In the case of probabilistic programs, our instructions are probability
distributions. Last time we used the following simple instruction set to
define our embedded language:
data ModelF r =
BernoulliF Double (Bool -> r)
| BetaF Double Double (Double -> r)
deriving Functor
We then created an embedded language by just wrapping it up in the
higher-kinded Free
type to denote programs of type Model
.
data Free f a =
Pure a
| Free (f (Free f a))
type Model = Free ModelF
Recall that Free
represents programs that can terminate, either by some
instruction in the underlying instruction set, or via the Pure
constructor of
the Free
type itself. The language defined by Free ModelF
is expressive
enough to easily construct a ‘forward-sampling’ interpreter, as well as a
simple rejection sampler for performing inference.

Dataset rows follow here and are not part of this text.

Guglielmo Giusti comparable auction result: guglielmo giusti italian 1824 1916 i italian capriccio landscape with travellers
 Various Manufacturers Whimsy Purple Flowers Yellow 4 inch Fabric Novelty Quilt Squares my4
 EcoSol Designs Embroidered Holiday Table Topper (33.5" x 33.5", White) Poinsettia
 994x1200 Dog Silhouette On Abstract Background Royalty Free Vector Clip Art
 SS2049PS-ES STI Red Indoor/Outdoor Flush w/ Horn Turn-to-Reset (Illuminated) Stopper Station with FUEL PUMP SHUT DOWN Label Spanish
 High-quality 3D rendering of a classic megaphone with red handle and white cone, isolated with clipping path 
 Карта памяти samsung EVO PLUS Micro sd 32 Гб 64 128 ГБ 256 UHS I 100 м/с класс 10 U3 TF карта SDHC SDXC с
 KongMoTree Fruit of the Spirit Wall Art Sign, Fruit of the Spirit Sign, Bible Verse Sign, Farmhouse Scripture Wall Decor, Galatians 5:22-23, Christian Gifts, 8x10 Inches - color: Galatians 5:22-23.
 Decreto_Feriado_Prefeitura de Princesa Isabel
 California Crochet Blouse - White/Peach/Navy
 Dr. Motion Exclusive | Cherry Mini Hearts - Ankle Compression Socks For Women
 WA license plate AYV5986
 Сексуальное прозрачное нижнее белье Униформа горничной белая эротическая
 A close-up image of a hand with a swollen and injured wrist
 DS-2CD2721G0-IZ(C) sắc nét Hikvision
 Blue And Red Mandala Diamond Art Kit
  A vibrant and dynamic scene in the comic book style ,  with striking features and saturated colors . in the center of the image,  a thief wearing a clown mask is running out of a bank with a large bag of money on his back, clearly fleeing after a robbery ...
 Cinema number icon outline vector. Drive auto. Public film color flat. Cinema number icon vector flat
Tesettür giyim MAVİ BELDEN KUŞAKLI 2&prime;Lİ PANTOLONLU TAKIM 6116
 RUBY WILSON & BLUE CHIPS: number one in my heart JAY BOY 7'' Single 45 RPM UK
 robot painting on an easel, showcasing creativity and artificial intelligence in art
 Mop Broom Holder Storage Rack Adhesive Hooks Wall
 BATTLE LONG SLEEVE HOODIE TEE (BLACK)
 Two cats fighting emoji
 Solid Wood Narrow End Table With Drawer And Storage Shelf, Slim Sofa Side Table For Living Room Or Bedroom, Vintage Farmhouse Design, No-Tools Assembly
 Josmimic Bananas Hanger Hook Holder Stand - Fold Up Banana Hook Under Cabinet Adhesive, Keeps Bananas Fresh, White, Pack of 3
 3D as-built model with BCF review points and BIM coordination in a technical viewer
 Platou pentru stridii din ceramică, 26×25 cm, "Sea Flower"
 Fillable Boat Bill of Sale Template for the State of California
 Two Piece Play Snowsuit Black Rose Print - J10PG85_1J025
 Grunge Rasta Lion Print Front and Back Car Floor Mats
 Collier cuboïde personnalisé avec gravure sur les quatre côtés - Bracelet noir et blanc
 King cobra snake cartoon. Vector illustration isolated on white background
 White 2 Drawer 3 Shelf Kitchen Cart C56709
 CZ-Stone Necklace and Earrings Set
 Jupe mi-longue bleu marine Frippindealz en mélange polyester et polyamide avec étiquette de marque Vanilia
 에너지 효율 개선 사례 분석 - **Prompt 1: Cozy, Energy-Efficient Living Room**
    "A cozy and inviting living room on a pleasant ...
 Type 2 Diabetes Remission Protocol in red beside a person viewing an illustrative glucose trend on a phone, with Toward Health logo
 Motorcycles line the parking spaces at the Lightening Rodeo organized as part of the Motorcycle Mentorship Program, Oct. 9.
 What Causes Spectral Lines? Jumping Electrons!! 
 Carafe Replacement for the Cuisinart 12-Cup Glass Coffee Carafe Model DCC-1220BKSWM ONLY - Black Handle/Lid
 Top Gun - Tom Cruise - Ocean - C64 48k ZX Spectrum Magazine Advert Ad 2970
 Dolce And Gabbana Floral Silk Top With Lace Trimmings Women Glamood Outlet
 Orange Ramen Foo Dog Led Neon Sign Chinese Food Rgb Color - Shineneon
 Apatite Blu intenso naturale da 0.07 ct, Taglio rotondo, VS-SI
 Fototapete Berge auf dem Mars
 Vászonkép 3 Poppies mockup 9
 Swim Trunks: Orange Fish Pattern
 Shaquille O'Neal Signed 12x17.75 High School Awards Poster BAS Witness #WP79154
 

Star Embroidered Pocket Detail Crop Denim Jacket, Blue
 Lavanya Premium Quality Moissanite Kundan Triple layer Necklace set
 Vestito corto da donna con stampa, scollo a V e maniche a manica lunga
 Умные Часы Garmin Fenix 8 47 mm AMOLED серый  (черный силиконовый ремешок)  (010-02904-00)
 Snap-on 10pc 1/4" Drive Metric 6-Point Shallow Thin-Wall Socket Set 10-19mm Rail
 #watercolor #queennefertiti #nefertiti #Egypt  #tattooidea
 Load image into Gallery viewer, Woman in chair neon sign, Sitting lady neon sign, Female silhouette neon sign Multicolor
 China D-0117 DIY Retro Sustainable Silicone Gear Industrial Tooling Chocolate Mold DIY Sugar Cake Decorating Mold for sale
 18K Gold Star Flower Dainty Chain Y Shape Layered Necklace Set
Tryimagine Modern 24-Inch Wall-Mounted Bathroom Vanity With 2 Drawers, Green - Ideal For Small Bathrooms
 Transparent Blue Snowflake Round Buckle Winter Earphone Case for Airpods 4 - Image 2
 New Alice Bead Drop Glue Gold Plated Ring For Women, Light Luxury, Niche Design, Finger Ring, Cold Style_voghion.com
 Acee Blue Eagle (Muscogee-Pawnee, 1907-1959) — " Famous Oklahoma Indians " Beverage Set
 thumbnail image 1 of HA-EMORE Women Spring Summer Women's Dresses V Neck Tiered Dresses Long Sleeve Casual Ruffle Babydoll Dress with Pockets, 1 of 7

Notice that we don’t have a terminating instruction in ModelF
itself - if
we’re using it, then we need to rely on the Pure
constructor of Free
to
terminate programs. Otherwise they’d just have to recurse forever. This can
be a bit limiting if we want to transform a program of type Free ModelF
to
something else that doesn’t have a notion of termination baked-in (Fix
, for
example).
Let’s tweak the ModelF
type to get the following:
data ModelF a r =
BernoulliF Double (Bool -> r)
| BetaF Double Double (Double -> r)
| NormalF Double Double (Double -> r)
| DiracF a
deriving Functor
Aside from adding another foundational distribution - NormalF
- we’ve also
added a new constructor, DiracF
, which carries a parameter with type a
. We
need to incorporate this carrier type in the overall type of ModelF
as well,
so ModelF
itself also gets a new type parameter to carry around.
The DiracF
instruction is a terminating instruction; it has no recursive
point and just terminates with a value of type a
when reached. It’s
structurally equivalent to the Pure a
branch of Free
that we were relying
on to terminate our programs previously - the only thing we’ve done is add it
to our instruction set proper.
Why DiracF
? A Dirac distribution places the entirety of its
probability mass on a single point, and this is the exact probabilistic
interpretation of the applicative pure
or monadic return
that one
encounters with an appropriate probability type. Intuitively, if I sample a
value \(x\) from a uniform distribution, then that is indistinguishable from
sampling \(x\) from said uniform distribution and then sampling from a Dirac
distribution with parameter \(x\).
Make sense? If not, it might be helpful to note that there is no difference
between any of the following (to which uniform
and dirac
are analogous):
> action :: m a
> action >>= return :: m a
> action >>= return >>= return >>= return :: m a
Wrapping ModelF a
up in Free
, we get the following general type for our
programs:
type Program a = Free (ModelF a)
And we can construct a bunch of embedded language terms in the standard way:
beta :: Double -> Double -> Program a Double
beta a b = liftF (BetaF a b id)
bernoulli :: Double -> Program a Bool
bernoulli p = liftF (BernoulliF p id)
normal :: Double -> Double -> Program a Double
normal m s = liftF (NormalF m s id)
dirac :: a -> Program a b
dirac x = liftF (DiracF x)
Program
is a general type, capturing both terminating and nonterminating
programs via its type parameters. What do I mean by this? Note that in
Program a b
, the a
type parameter can only be concretely instantiated via
use of the terminating dirac
term. On the other hand, the b
type parameter
is unaffected by the dirac
term; it can only be instantiated by the other
nonterminating terms: beta
, bernoulli
, normal
, or compound expressions of
these.
We can thus distinguish between terminating and nonterminating programs at the
type level, like so:
type Terminating a = Program a Void
type Model b = forall a. Program a b
Void
is the uninhabited type, brought into scope via Data.Void
or simply
defined via data Void = Void Void
. Any program that ends via a dirac
instruction must be Terminating
, and any program that doesn’t end with a
dirac
instruction can not be Terminating
. We’ll just continue to call
a nonterminating program a Model
, as before.
Good. So if it’s not clear: from a user’s perspective, nothing has changed.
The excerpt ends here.